“Maybe I did not live as I ought to have done, … but how could that be, when I did everything properly?”
I can hear it now, Willy Loman uttering those words as he flips through the pages of his life. In the play, Death of a Salesman, by Arthur Miller, we witness the deterioration and death of a very well intentioned man. The quote above from Leo Tolstoy’s Ivan Ilych, could not possibly better echo the situation developed in Arthur Miller’s play. The play becomes Willy Loman’s life trial in which he and his family undergo an intense review of their lives. Willy through his confessions searches to find out what went wrong in his life. However, he dies without ever grasping the truth of it all.
Willy Loman is a traveling salesman in his sixties. As we first find him, he is in the beginning of an emotional crisis. His past, recurring to him in realistic flashbacks, is interfering with the present. Each episode draws forth another problem that Willy has to face in his present situation. The problem for Willy was the question that he was asking himself. It is a question that many older individuals ask themselves, “Did I succeed in life, was it all worth it?” Poor Willy is beginning to realize that he has lived his entire life for the wrong reasons.
Willy raised his two sons in all the wrong ways. He encouraged cheating and mocked hard work and true success. Everything in his life was a false standard. Willy’s view of an individual’s success was how well that individual was, “liked.” He instilled in his children all the wrong values and encouraged all the wrong things. This poor moral installment is typified in this conversation between Willy and his son Biff.
BIFF: I flunked math dad……. Would you talk to him? He’d like you Pop. You know the way you could talk.
WIILY: You’re on. We’ll drive right back
BIFF: Oh, Dad, good work! I’m sure he’ll change it for you!. See, the reason he hates me, Pop-one day he was late for class so I got up at the blackboard and imitated him. I crossed my eyes and talked with a lithp.

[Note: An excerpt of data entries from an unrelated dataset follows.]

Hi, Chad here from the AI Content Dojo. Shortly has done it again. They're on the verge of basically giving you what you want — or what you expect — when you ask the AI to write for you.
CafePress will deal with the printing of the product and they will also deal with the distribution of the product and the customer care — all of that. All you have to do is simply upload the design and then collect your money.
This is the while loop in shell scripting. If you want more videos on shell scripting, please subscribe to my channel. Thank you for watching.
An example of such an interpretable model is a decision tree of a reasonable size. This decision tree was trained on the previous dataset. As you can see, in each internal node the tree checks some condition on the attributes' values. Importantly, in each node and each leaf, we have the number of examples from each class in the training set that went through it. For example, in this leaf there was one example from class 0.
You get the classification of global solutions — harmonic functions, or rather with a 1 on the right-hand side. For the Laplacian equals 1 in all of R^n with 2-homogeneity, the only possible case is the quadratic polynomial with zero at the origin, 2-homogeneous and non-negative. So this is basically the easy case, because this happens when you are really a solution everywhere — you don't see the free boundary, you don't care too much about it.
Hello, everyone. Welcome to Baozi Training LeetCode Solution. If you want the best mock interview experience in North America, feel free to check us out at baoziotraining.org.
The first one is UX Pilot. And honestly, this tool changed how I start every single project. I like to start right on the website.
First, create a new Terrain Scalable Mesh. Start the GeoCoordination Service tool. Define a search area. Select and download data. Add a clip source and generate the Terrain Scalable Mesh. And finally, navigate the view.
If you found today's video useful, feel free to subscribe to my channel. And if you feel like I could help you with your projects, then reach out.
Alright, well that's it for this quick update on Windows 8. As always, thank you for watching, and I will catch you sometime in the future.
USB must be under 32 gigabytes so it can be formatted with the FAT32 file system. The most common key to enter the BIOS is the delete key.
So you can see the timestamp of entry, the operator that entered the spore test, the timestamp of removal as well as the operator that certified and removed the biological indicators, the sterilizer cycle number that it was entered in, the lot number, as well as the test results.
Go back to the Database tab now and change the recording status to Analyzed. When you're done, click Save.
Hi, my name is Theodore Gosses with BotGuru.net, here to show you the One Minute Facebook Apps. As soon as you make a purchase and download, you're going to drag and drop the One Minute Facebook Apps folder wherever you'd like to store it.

WILLY: laughing: You did? The kids like it?
I really found this conversation to show the exact problem that Willy had. He had instilled the worst values in his children and then never sought to correct them. In that there lies a reason for his continued lack of reform. He never really saw a problem with how he had led his life. Until the day he died he always thought that he had been the best father he could have been. Maybe it was all that Willy Loman was capable of. He was hanging on to the possibility that he had actually succeeded with Biff, and in Willy’s mind, led him to be a “success.” Willy’s definition of success however was quite different from most people’s. He envisioned his funeral where everyone he had ever met would be mourning his death.
To be well liked was all Willy ever needed. It took a wake up call from Biff to almost snap the deteriorating Willy out of his trance. “I am not a leader of men, Willy, and neither are you. You were never anything but a hard-working drummer who landed in the ash can like all the rest of them!….Pop, I’m nothing! I’m nothing, Pop. Can’t you understand that? There’s no spite in it anymore. I’m just what I am, that’s all.” It was with this statement that Willy Loman decided he had to try one last time to provide for his son and family. He took his life for the $20,000’s worth of life insurance to give to them. That would be Willy’s legacy.
Willy was a man who would never settle for half the pot of gold. He always wanted to whole thing. He lived his life in the best way he thought he could. We cannot blame the man for his terrible values and ridiculous teachings. He ended his life thinking that he had done everything properly, the way it was supposed to be done. When nothing he had accomplished was of any real value. Willy’s many flashbacks throughout the play made him realize that maybe things hadn’t worked out the way he had planned, but that all went up in smoke with his final legacy left for Biff. In the end of the play Biff sums everything up at his fathers funeral. “He had the wrong dreams. All, all wrong.”